The Fly Africa boss also said the group had since laid charges against Matipedza with the country’s Criminal Investigation Department.
“Karase Snr still feels he has claims to the company as the majority shareholder but we are in intense hardships and distressed that something like shareholder issues could drag the whole company into problems.
“In the meantime we have appointed Captain Mathias Munyaradzi as Karase’s permanent replacement,” he said.
On October 27, Karase was relieved of his duties at Fly Africa Zimbabwe in his capacity as chairman and chief executive.

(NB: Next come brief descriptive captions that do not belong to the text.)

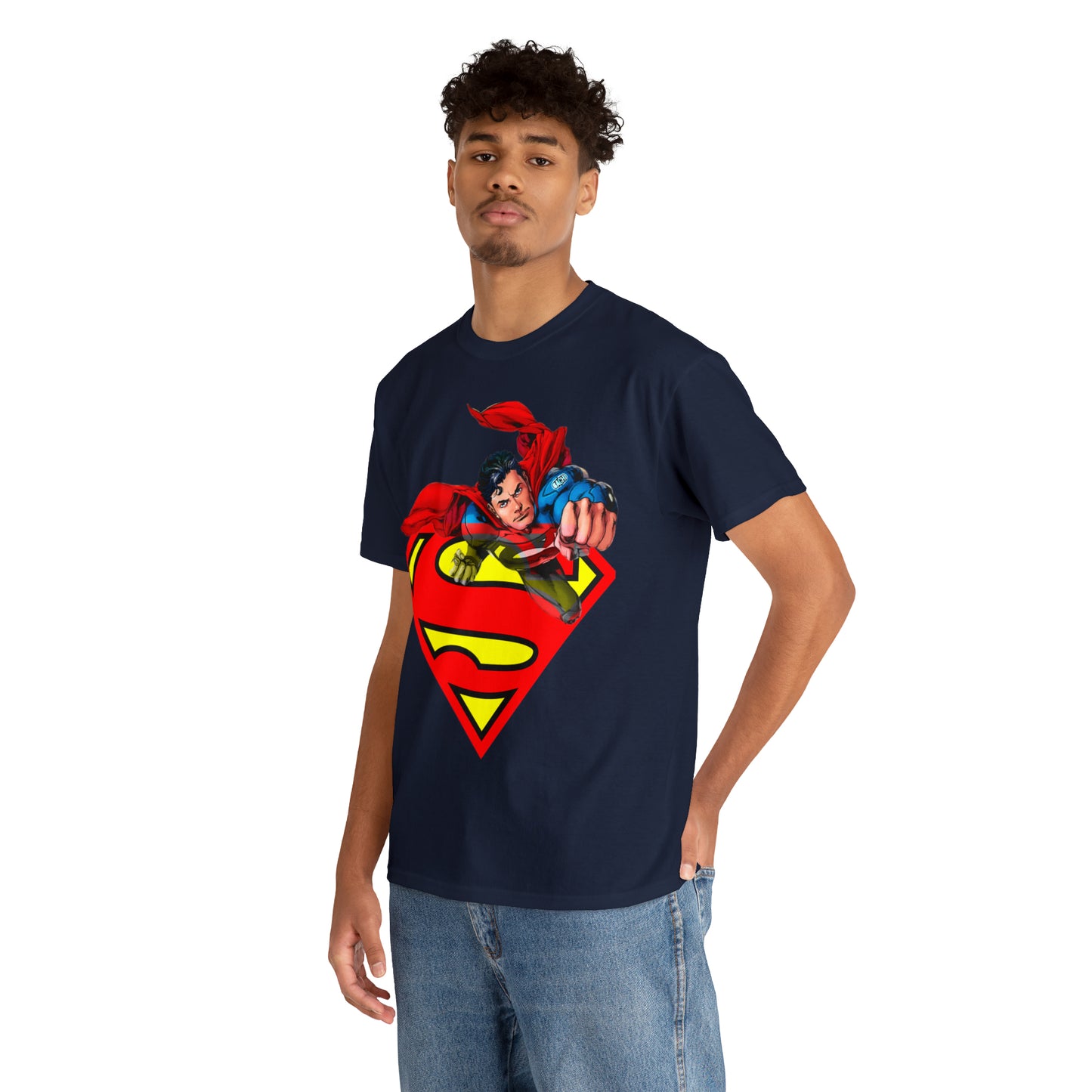Vintage Comic Hero Graphic Tee - Cape Streetwear Print (Bachi)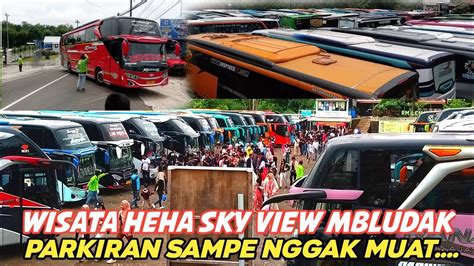 Bus Pariwisata Membludak Parkiran Wisata Heha Sky View Sampe Penuh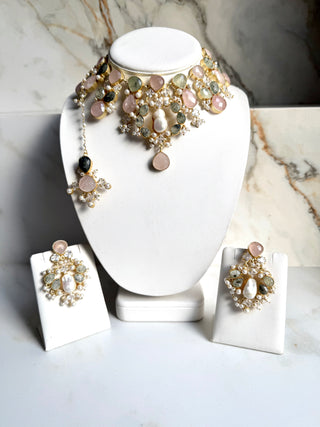 Pearl Mist Prehnite Set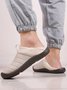 Plus Size Unisex Warm Embossed Slip On Flat Shoes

Hamilton-Manns said his company was going to institute charges against Karase once the audit was completed.
The Fly Africa boss insisted that Karase had “unilaterally and illegally” submitted the licence to Caaz, an action that had cost the group in revenue.
The Karase family holds a 51 percent stake in Fly Africa Zimbabwe through its Fresh Air while Fly Africa Limited owns the remaining 49 percent.